Protistler
Mikroorganizma dünyasında tespit edilen her yeni canlı, bilim dünyasında bu canlıların nasıl sınıflandırılacağı ile ilgili yeni soruları beraberinde getirmiştir. 1860 yılında protistleri ilk gözlemleyen kişi olan John Hogg, bu canlılara Protoctista adını vermiştir. Hogg, bu canlıları ne bitkiler ne de hayvanlar altında gruplayabilmiştir. Protistlerin bazıları bitki özelliklerine sahipken, bazıları hayvanlara benzer özellikler göstermektedir.
19. yüzyılda protistler, bitkiler ve hayvanlar dışında farklı bir âlem olarak sınıflandırılmıştır.
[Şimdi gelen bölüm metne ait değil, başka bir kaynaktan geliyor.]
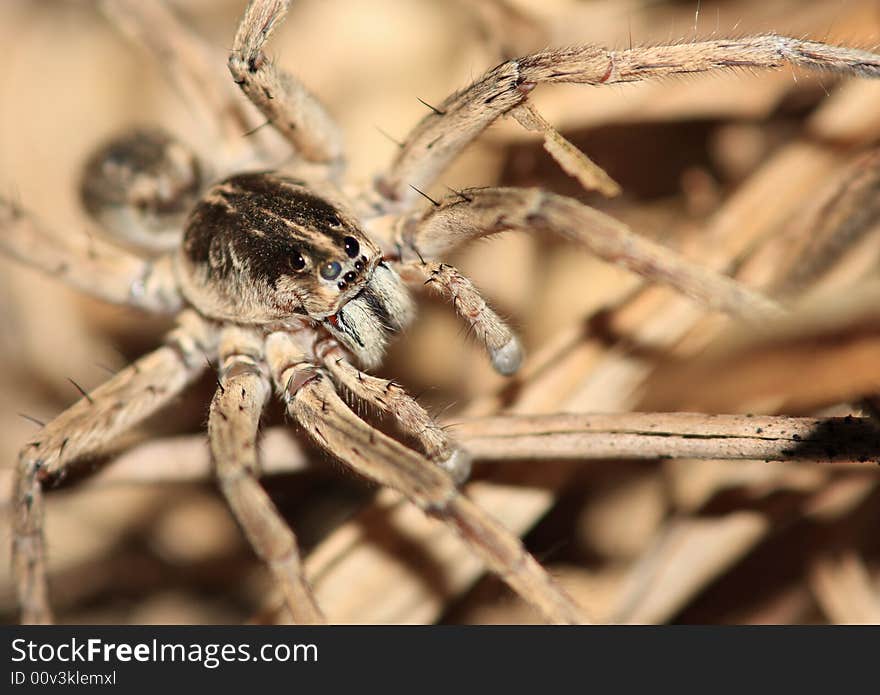 Ground Spider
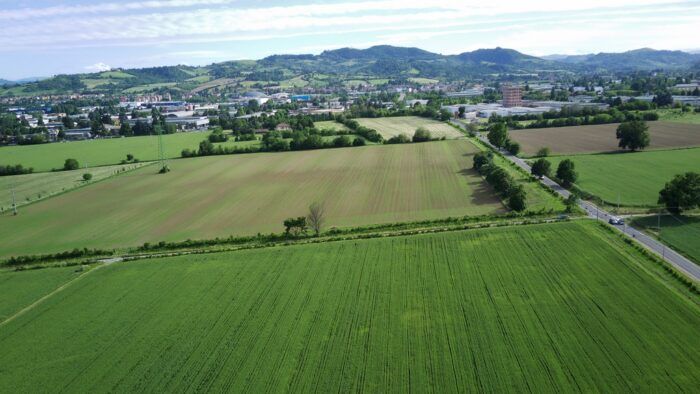 immagine di FIMI0029 orizzonte storto x8 mini w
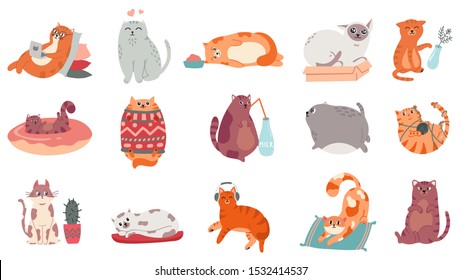 Cute cats. Funny cat in box, adorable sleeping kitty and fat cat in sweater vector illustration set. Domestic kitten lifestyle. Humorous pet working on laptop, doing yoga, listening to music stickers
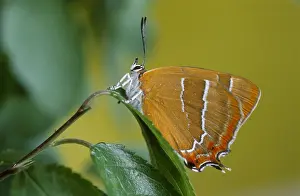 Insekten: sleedoornpage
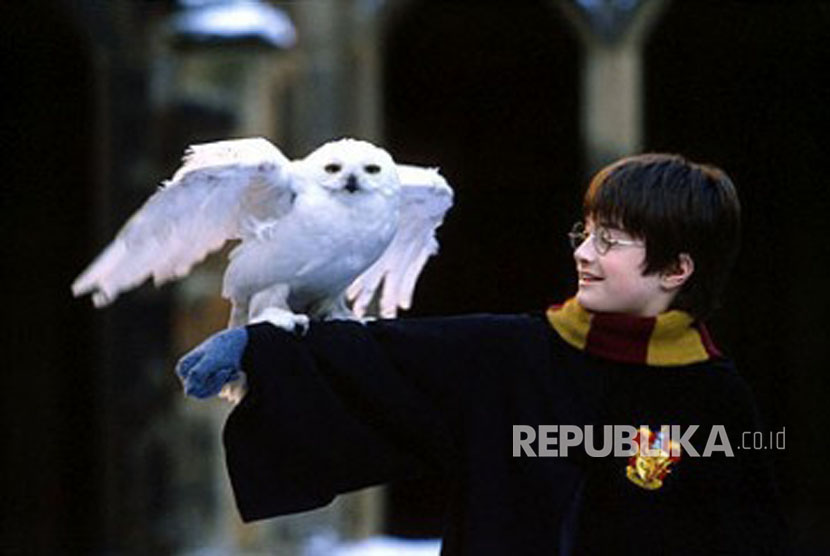 Harry Potter dan Burung Hantu putih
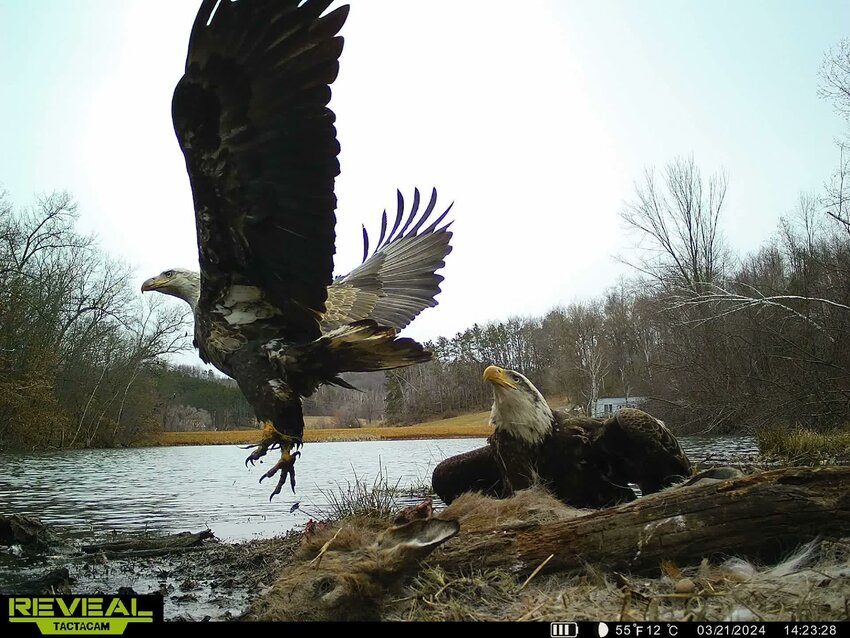 Pat Howard, a Monroe County hunter and fisherman, has found a passion aside from hunting: awesome photos of wildlife in their natural habitat. Howard works for REVEAL Trailcams, and is mastering the art associated with trail cams.
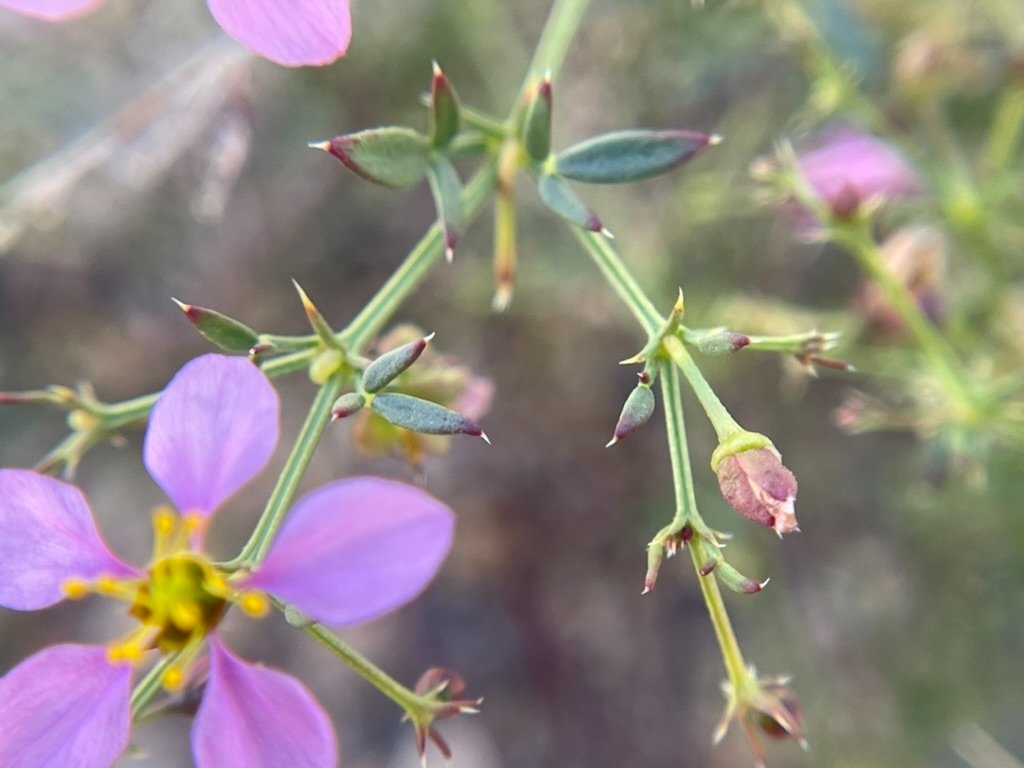 Fagonia laevis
Protistler çok farklı özelliklere sahip canlıları içeren oldukça geniş bir âlemdir. Bu gruptaki canlılar bir hücreli, çok hücreli, mikroskobik, makroskobik, ototrof ya da heterotrof olabilir. Kısacası protista âleminin bütün özelliklerini barındıran tipik bir canlı örneği yoktur. Ancak öglena protista âlemine örnek olarak verebileceğimiz canlılardan sadece biridir .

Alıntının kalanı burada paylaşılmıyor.